Rob McElhenney, star of It’s Always Sunny in Philadelphia, recently opened up about a significant low point in his acting career—being cut from the 1997 crime thriller The Devil’s Own, which starred Brad Pitt and Harrison Ford.
“That was one of the most humiliating and terrible experiences of my life because it was my first acting job in a movie,” McElhenney shared during a recent appearance on Hot Ones.
“I got to do a scene with Harrison Ford, I got to do a scene with Brad Pitt, I got to do a scene with Julia Stiles, Rubén Blades — all these incredible actors.”
Set in the late ’90s, the action thriller follows a police officer (Ford) who unknowingly takes in a young house guest (Pitt), later discovering that he is an Irish Republican Army terrorist on the run.
McElhenney continued, “The movie’s coming out, and I notice I don’t get an invite to the premiere or the friends and family screening.

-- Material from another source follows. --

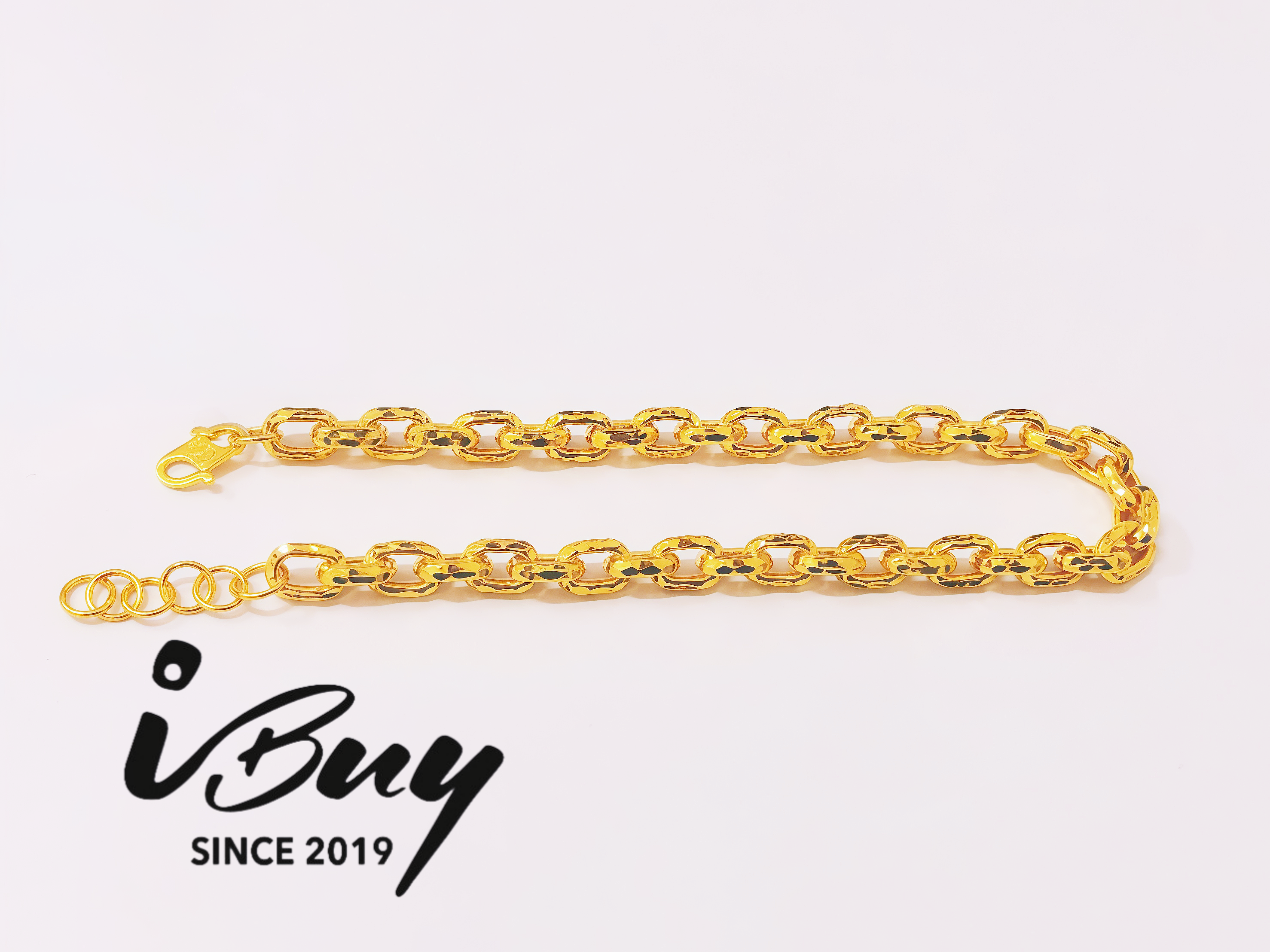 916 GOLD 4.5MM DIAMOND CUT CABLE BRACELET 916 金 4.5MM菱格万字手链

But I’m still just starting out — I’m like 19 or something, 18, I’m thinking, ‘Oh, it’ll be fine.’ Of course, for a year, I’m telling everybody I got this movie; nobody believes me because I hadn’t worked at all doing anything else.
And then, we go to the movie — all my friends, everybody, my family buys tickets — and I’m just not in it at all. They cut me completely out of the movie, didn’t give me a heads up, nothing. They were all A-players and I was a D-player on the ground. I wasn’t even a player, I was on the editing room floor.”
Despite this setback, McElhenney eventually made his official feature film debut the following year in 1998, appearing in Steve Zaillian’s A Civil Action, which starred John Travolta and William H. Macy.